The backup quarterback in a struggling offense is always the most popular man on campus, but it’s obvious the attack under Dormady isn’t working. The Vols should let Guarantano take the reins and dial up their 2015 playbook: Lots of zone reads, tempo and deep shots on first down. Tennessee was excellent on third downs in 2015 because it faced so many short-yardage situations. That hasn’t been the case this fall.

With a defense that’s shown some signs of improvement, the Vols need to run the ball more and shorten games. Ty Chandler should get more touches as well, but Guarantano can be the spark-plug for the ground game.

He won’t replicate Josh Dobbs’ Houdini magic, but the threat of Guarantano’s legs should allow the offense to get back to a scheme it’s been much more comfortable in the last few years.


2. Find a five-man offensive line and stick with it

The Vols have run out four different starting offensive line combinations through the first five games. They’ve tinkered with several other lineups during games, too. A suspension, a key injury and poor play has contributed to the shuffling, but all the changes have led to zero continuity up front.

And it shows.

While the unit — which returned more starts than any Power 5 team in the country — has several glaring problems, communication has been particularly dreadful, oftentimes leading to penalties and/or negative plays.

Walt Wells has a tough task here. There’s not a ton of talent outside of freshman Trey Smith, and Tennessee’s numbers took another hit with the midseason transfer of Venzell Boulware.

Still, the Vols need to settle on a five-man unit and roll with it — lumps and all.

If that means developing Marcus Tatum as the right tackle and playing Brett Kendrick inside, then do that. If that means rolling with an all-Tennessee lineup (Drew Richmond, Jack Jones, Jashon Robertson, Smith and Kendrick), go that route.

Personally, I’d try Kendrick at left guard and Tatum at tackle, with Jones as the super-sub at both guard spots, center and right tackle.

Regardless, Tennessee’s offense has zero identity or cohesion and it starts with the struggling hog-mollies up front.

3. Get the tight ends involved more in the passing game

Before the season, many believed (myself included) that Tennessee would target the tight ends a lot in 2017.

The thought process was rather simple: Ethan Wolf was a senior and Larry Scott, a first-year OC, would lean on his position group with a new quarterback and a young corp of receivers.

Thus far, the prediction has been wrong.

On the year, Wolf has just 90 yards receiving on 10 catches — the three freshman tailbacks who play sporadically have combined for 9 receptions.

Kelly, as well as Marquez Callaway and Brandon Johnson have shown playmaking ability and should remain Tennessee’s top targets, but part of the offense’s efficiency issues are a lack of targets to the tight ends.

The Vols' three secondary receiver options — Josh Palmer, Tyler Byrd and Josh Smith — have a combined catch-rate of 30 percent, per Football Outsiders.

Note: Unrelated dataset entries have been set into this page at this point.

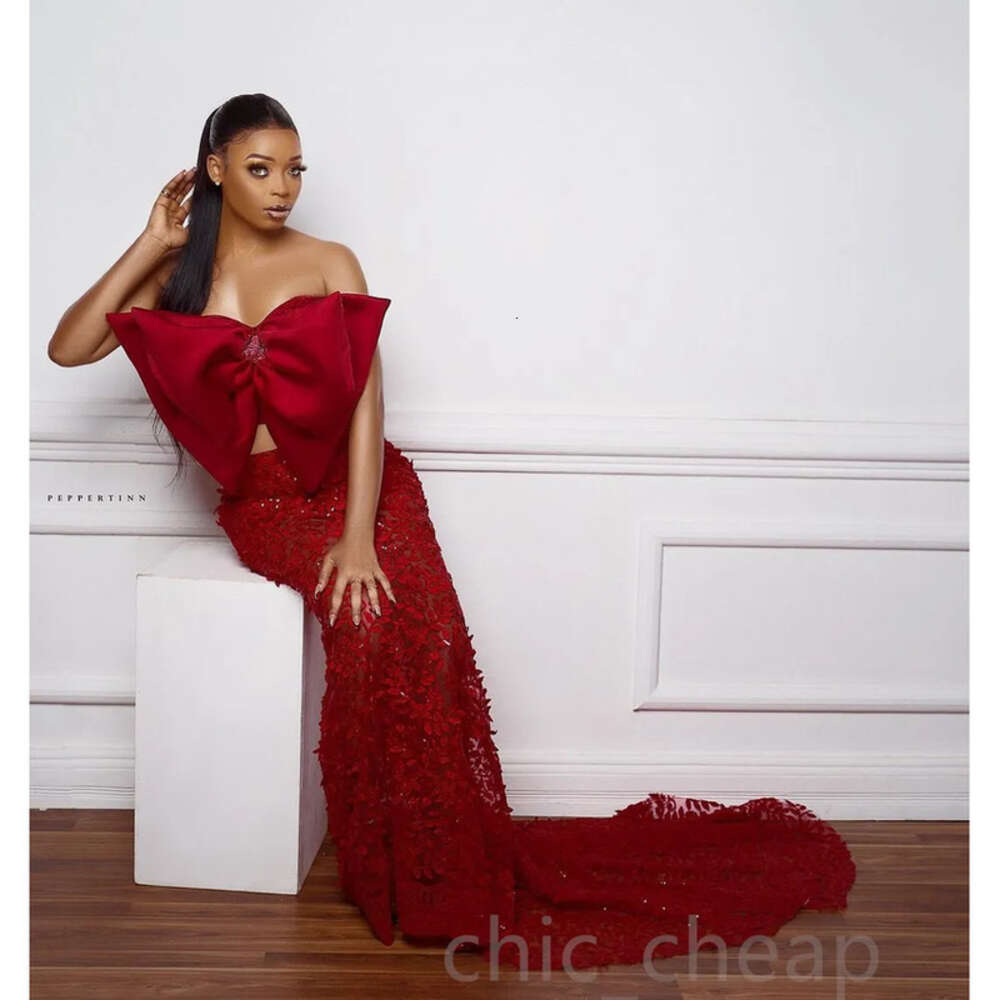Red Arabic Aso Ebi Mermaid Prom Dresses Two Pieces Lace Evening Formal Party Second Reception Birthday Engagement Gowns Dress ZJ 6660306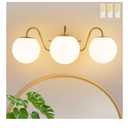 3 Lights Vintage Bathroom Vanity Light Fixtures Over Mirror, Brushed Gold Vanity Lights For Bathroom With Milk White Glass Globe Shade, Wall lights For Bedroom, Hallway, Dressing Table,Includ G9 Bulbs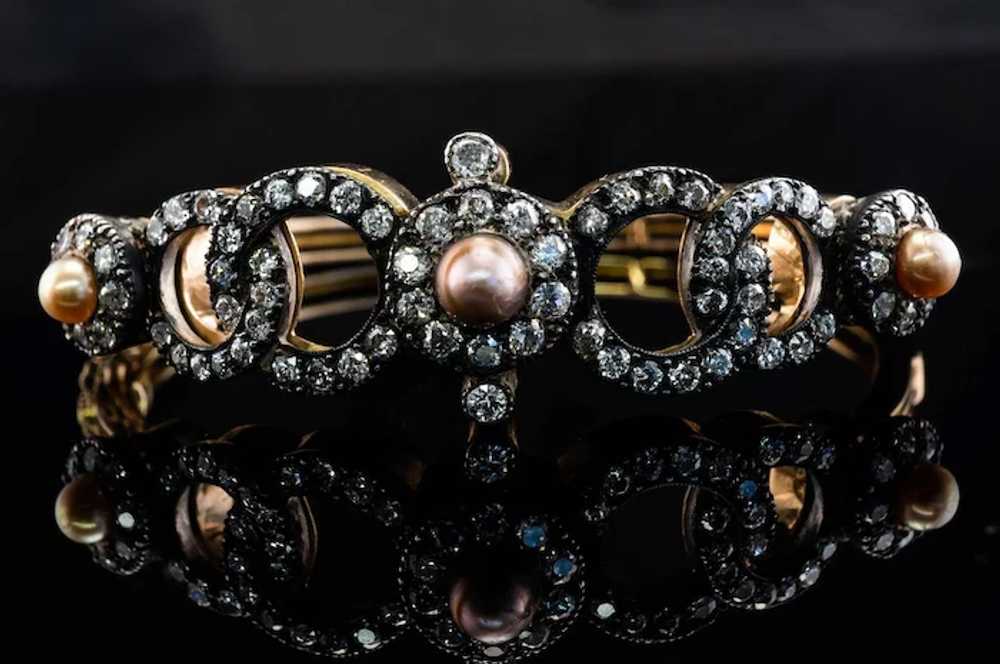 Victorian Diamond Pearl Bracelet 14K Gold & Silve… - image 5
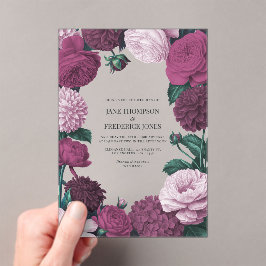 Midnight Orchid, Velvet Aubergine & Misty Mauve Acryl Uitnodigingen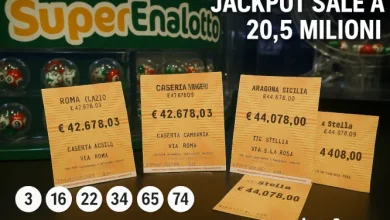 SuperEnalotto: jackpot sale a 20,5 milioni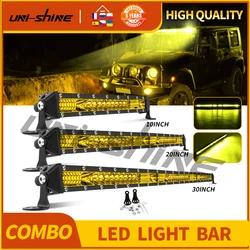 UNISHINE Single Row LED Light Bar 12V 24V 10-50inch Spot Flood Combo Beam LED Work Light Yellow Fog Lamps For 4X4 Trailer Auto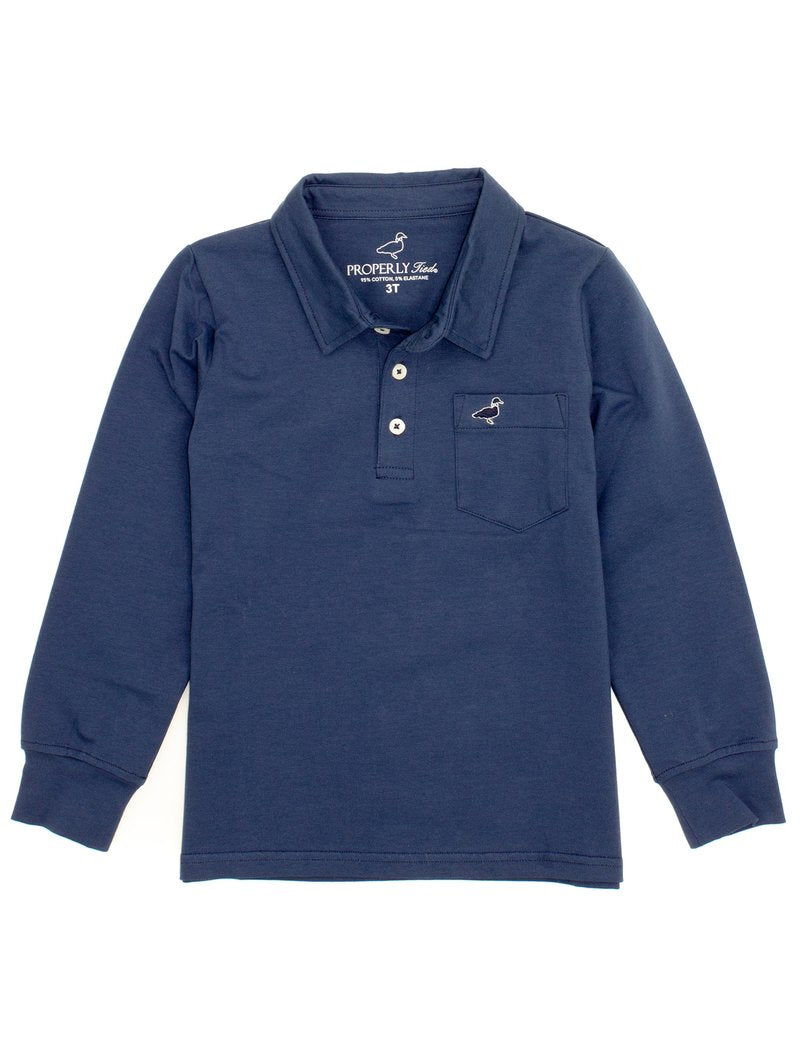 Harrison Pocket Polo Long Sleeve Navy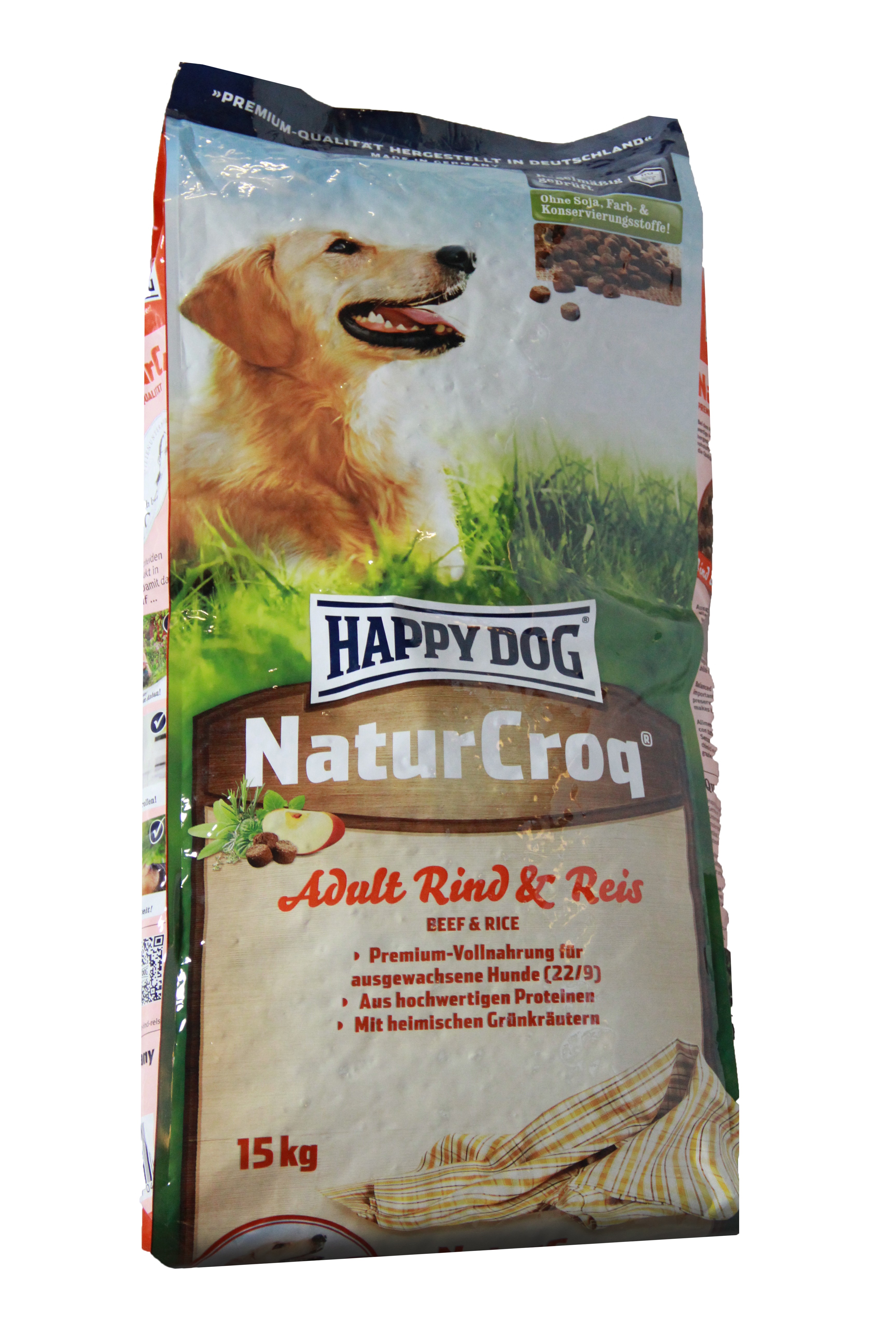 Happy Dog NaturCroq mit Rind und Reis Hundefutter
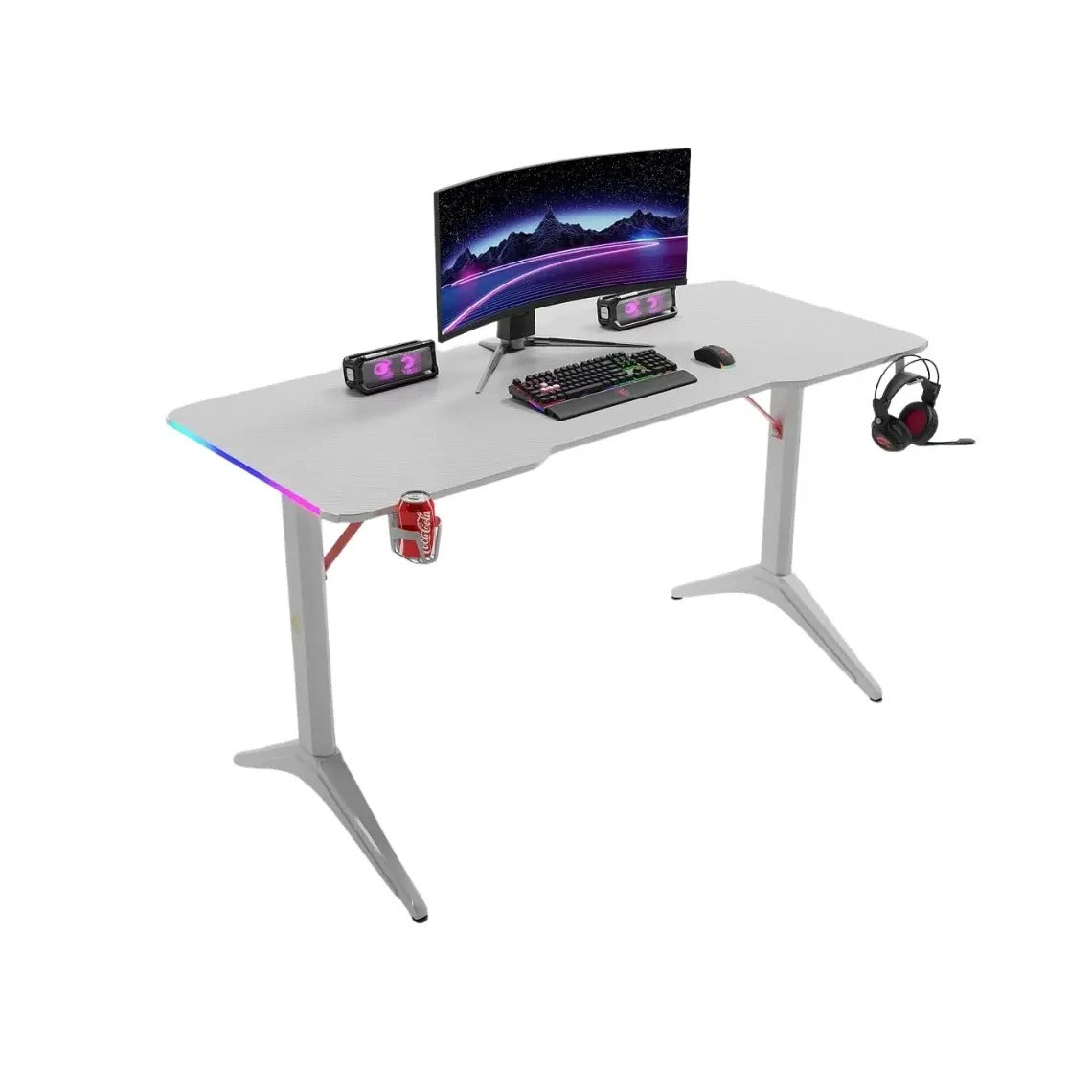 110cm RGB Carbon Fiber Gaming Desk Table with Cup & Speaker Holders - White
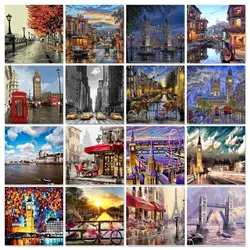 SDOYUNO London street landscape diy frame oil painting by numbers for adults kits paint by numbers picture on canvas wall art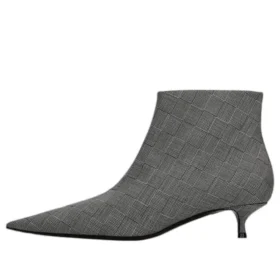 Botas de lana a cuadros con puntera puntiaguda «Gris» 579218W1SR01214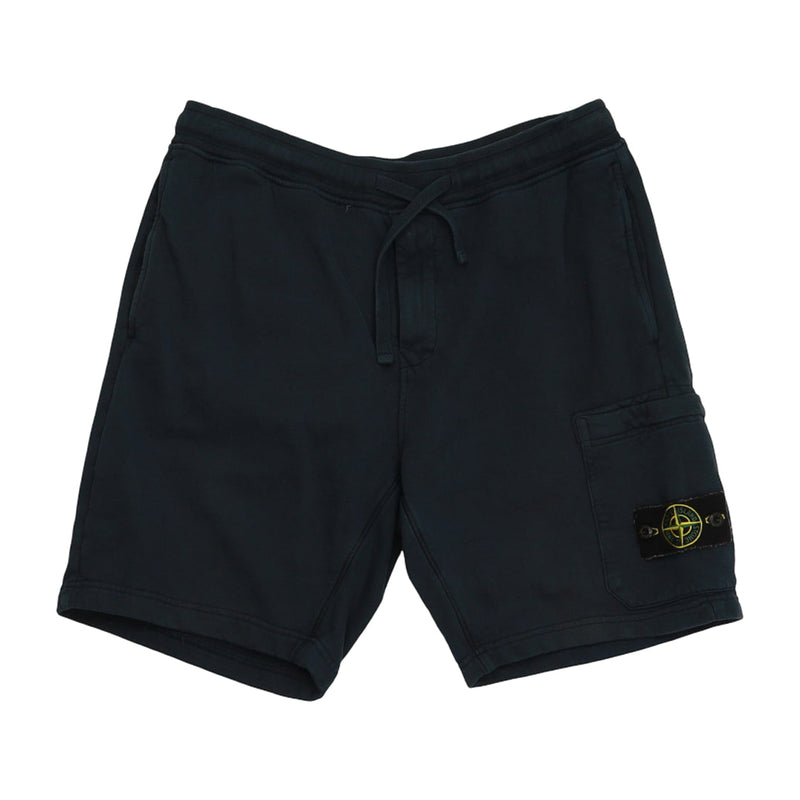 Stone Island A/W 22 Brushed Cotton Fleece Bermuda Cargo Shorts in Navy, front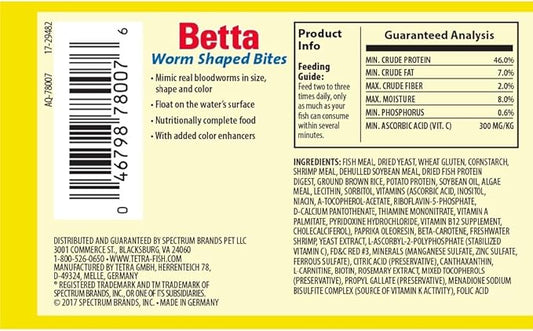 Tetra BettaMin Worm Shaped Bites 0.98 Ounce, Complete Diet For Bettas Tetra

That’s really bad.

Palmer has just five catches on 15 targets. Smith and Byrd have both been targeted nine times on the season, with only three and two catches respectively.

Meanwhile, Wolf has had two drops this year, but he’s corralled 10 of 15 passes thrown his way. In a very small sample size, backup Jakob Johnson and Eli Wolf have caught their only targets.

Tennessee’s tight ends don’t need to be the focal point of the passing attack, but the unit should be involved more, affording (a likely new, young) quarterback with some safe and easy throws to keep the offense moving forward.